As he and other legal experts pointed out, Garland’s memo was akin to similar guidance past attorneys general have issued in election years. And so Garland’s memo — titled “Election Year Sensitivities” — served not as a new limitation on the Justice Department but as a reminder of its longstanding policy for avoiding steps that could be perceived as partisan and designed to influence an election result.
“This is particularly important in an election year,” Garland wrote. “Now that the 2022 election season is upon us, and as in prior election cycles, I am issuing this memorandum to remind you of the department’s existing policies with respect to political activities.”

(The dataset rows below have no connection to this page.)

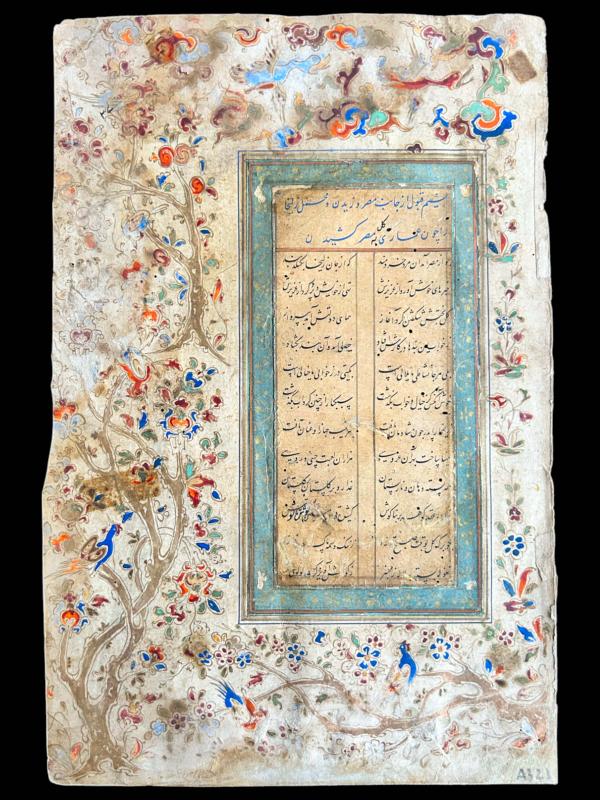 Folio da Yusef e Zoleykha di Jami 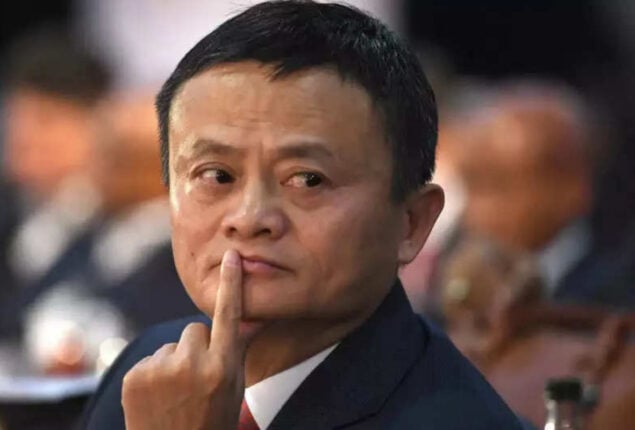 Jack Ma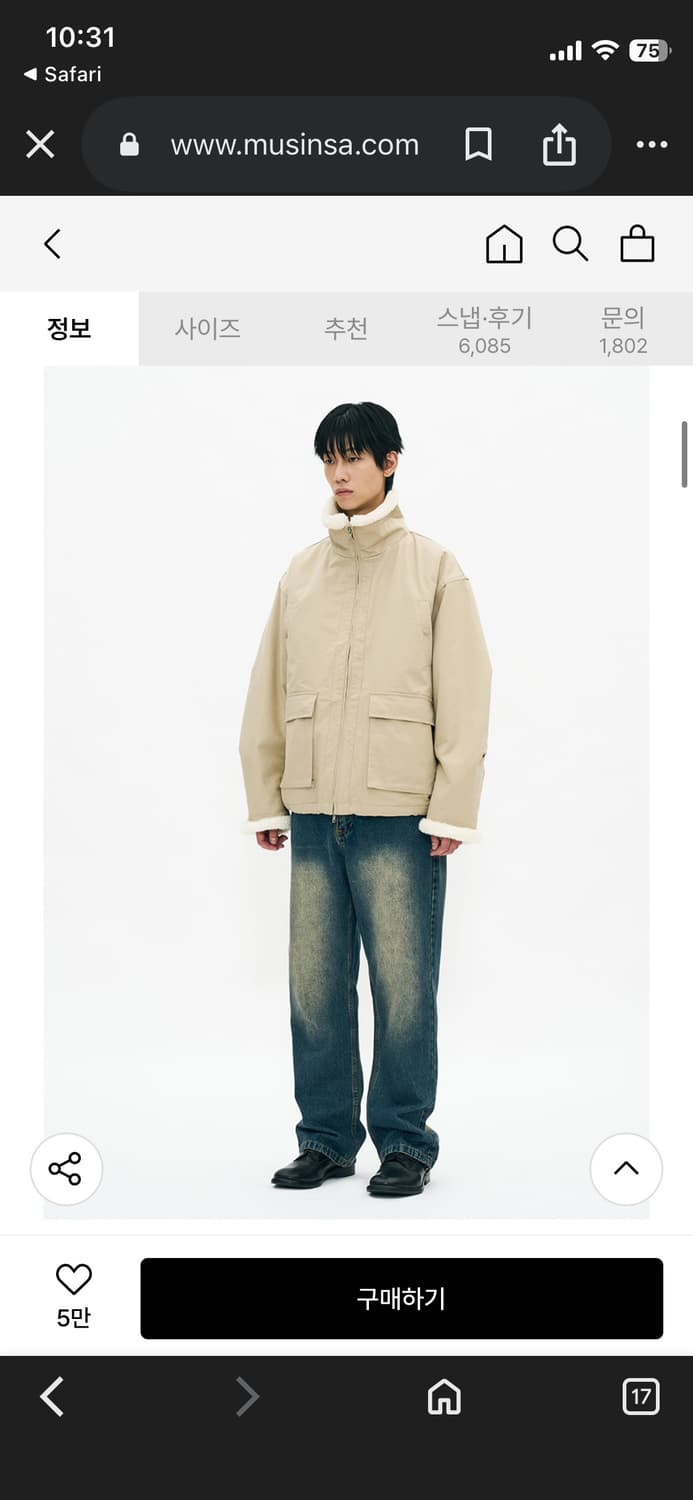 파르티멘토 3M 신슐레이트 플리스 자켓 베이지 상품이미지7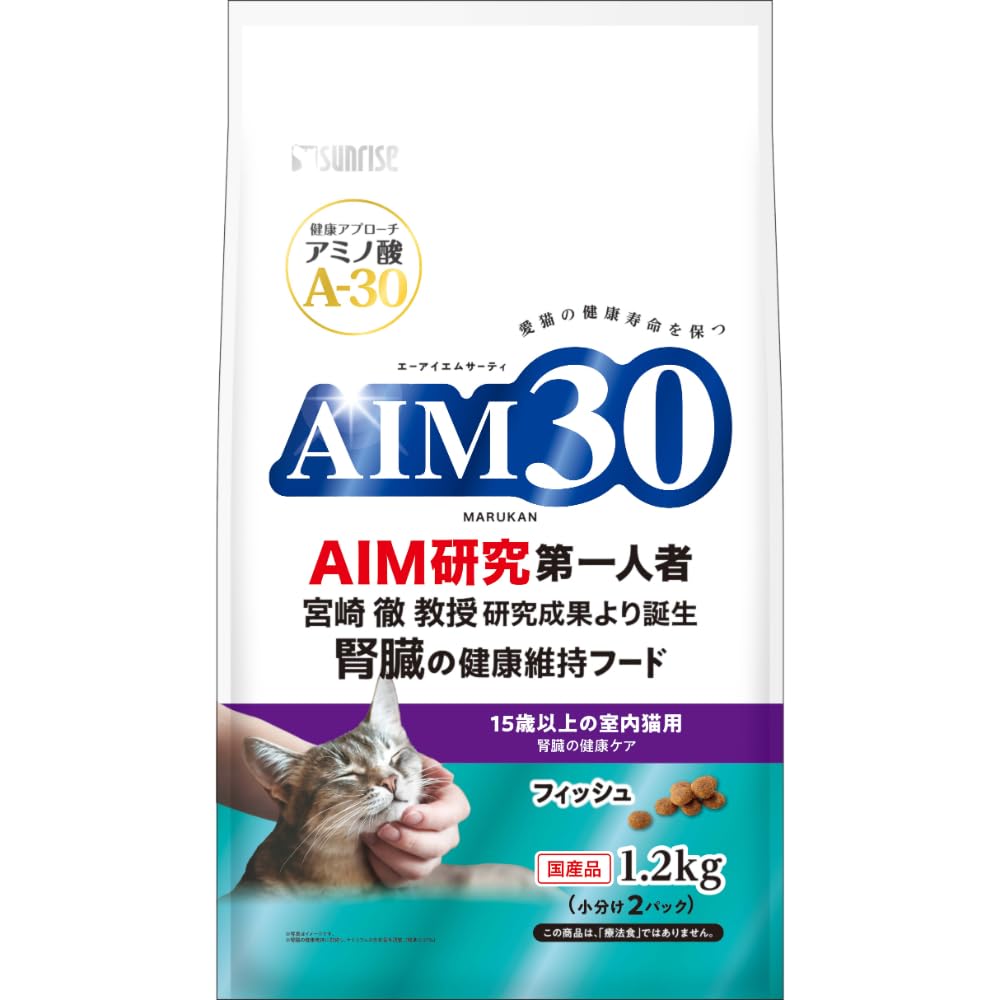 【送料無料】AIM30 15歳以上の室内猫用 腎臓の健康ケア サイズ：1.2kg(600g×2袋)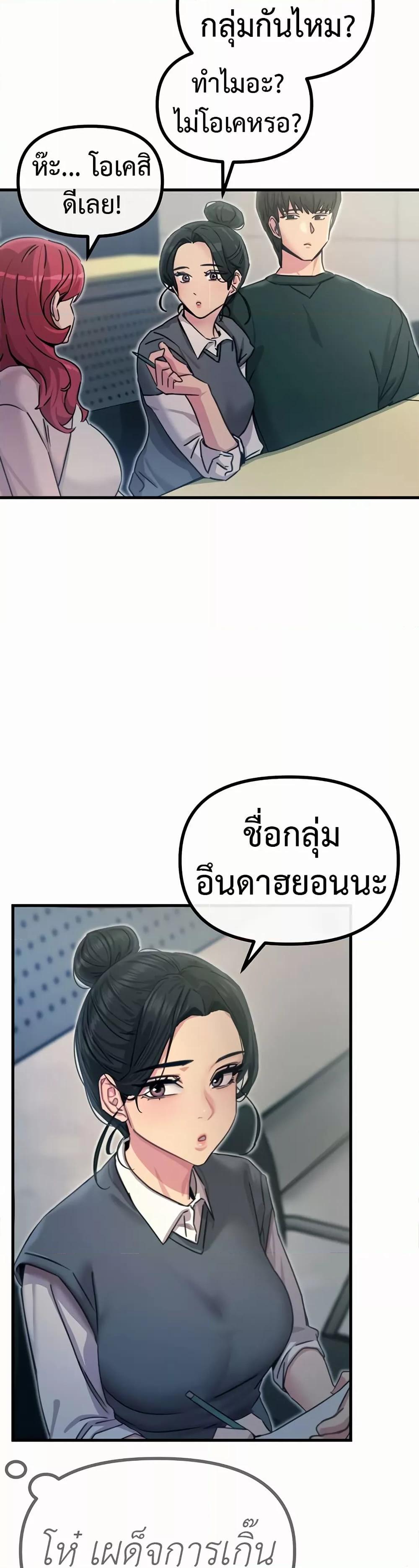 Doujin-Lc- อ่าน โดจิน มังฮวา เกาหลี ญี่ปุ่น จีน แปลไทย You Won’t Get Me Twice ตอนที่ 1 2 3 4 5 6 7 8 9 10 11 12 13 14 ฟรี ไม่มีโฆษณา อ่าน โดจิน Manhwa เกาหลี ญี่ปุ่น จีน เรามีครบ คัดมาให้เน้นๆ โดจิน 18+ รับประกันความฟินโดย  Doujin Lc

Garland’s memo also pointed to a new addition to the policy, ordered by then-Attorney General William Barr in February 2020, requiring that the Justice Department leader approve any investigations into presidential candidates.
Barr issued the memo in an effort to avoid a recurrence of the FBI upending an election, as it did in 2016, with inquiries into campaigns. His memo came on the heels of the Justice Department’s internal watchdog finding that the FBI failed to follow protocols in its bid to investigate former Trump campaign advisor Carter Page.
On her show Monday, Maddow said “that new rule was established by Bill Barr when he was working for Donald Trump.
“Merrick Garland,” she added, “has just formally extended that guidance and told every employee of the Justice Department that it is still in effect.”
But legal experts said Barr’s memo makes little difference for any inquiry touching Trump. And neither Barr’s memo nor Garland’s does anything to prevent an indictment of Trump.
“Given that Mr. Trump is a former president, and the fact much of the actions at issue took place while he was still in office, it’s likely Garland would have required his sign-off anyway even if the memorandum didn’t exist,” Moss told Insider Tuesday.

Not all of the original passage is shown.